Stefan or Stjepan Ilija Verković was a 19th-century Bosnian ethnographer and folklorist. Born to Bosnian Croat parents, he identified as South Slav and initially he supported the Serbian and later the Bulgarian national cause.

Biography
Verković was born in Ugljari, Ottoman Empire on March 5, 1821. He passed his education in the Franciscan school of Tolisa (1830–1833), and then studied philosophy and theology in Zagreb University, where he was influenced by the ideas of the Illyrian movement. In 1843, he contacted the Serbian government and in the following years he served secret missions in parts of today Croatia, Montenegro, Kosovo and Serbia, then under Austrian or Ottoman rule. During his tours through the Balkan lands he searched for medieval Slavonic manuscripts, antique coins and various antiques, recorded folk songs and customs.
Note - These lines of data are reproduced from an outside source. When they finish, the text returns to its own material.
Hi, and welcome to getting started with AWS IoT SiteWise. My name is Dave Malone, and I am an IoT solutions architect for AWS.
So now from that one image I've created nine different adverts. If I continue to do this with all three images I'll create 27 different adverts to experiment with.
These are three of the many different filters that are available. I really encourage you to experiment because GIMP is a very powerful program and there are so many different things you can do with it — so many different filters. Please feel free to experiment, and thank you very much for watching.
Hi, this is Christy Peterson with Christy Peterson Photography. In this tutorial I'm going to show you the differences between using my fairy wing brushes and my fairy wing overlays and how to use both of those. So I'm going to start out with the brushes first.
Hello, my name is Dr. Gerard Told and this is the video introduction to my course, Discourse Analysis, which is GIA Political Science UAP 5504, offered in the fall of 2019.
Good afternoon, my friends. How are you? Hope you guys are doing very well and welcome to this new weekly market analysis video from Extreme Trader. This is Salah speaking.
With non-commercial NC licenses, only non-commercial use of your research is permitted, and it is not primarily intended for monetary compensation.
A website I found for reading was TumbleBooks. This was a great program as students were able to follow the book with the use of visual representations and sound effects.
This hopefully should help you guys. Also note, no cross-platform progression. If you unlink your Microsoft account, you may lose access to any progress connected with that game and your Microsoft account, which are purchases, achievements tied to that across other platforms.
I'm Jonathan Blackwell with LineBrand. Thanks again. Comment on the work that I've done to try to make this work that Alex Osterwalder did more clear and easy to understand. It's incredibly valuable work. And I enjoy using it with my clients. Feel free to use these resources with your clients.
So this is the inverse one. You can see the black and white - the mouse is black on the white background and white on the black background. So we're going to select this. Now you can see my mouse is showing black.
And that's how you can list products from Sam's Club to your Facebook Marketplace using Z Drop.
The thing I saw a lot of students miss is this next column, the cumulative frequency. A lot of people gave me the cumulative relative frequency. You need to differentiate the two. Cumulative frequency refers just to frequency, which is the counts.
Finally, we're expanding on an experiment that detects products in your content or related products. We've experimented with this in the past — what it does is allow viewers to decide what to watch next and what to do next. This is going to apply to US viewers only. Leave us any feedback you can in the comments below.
In 1848 he met in Belgrade Ilija Garašanin and adopted his pan-Serbian ideas. Subsequently, he refused a job in the Serbian state administration, and in 1850 he moved to Serres in the Ottoman Empire, where he spent nearly 20 years. In 1862 he agreed to become an agent of the Serbian government in the Ottoman Empire, and to study the regional Slavic folklore in Macedonia and Thrace. His secret mission was to help Macedonian Slavs to be considered Serb, rather than Greeks, and thus helping to resolve the Eastern Question. Since then, until 1875, Verkovic has regularly sent secret reports to the Serbian government. He regularly supplied also coins from the area to Copenhagen, Paris, London and the Hermitage. Verković became then also a member of SANU.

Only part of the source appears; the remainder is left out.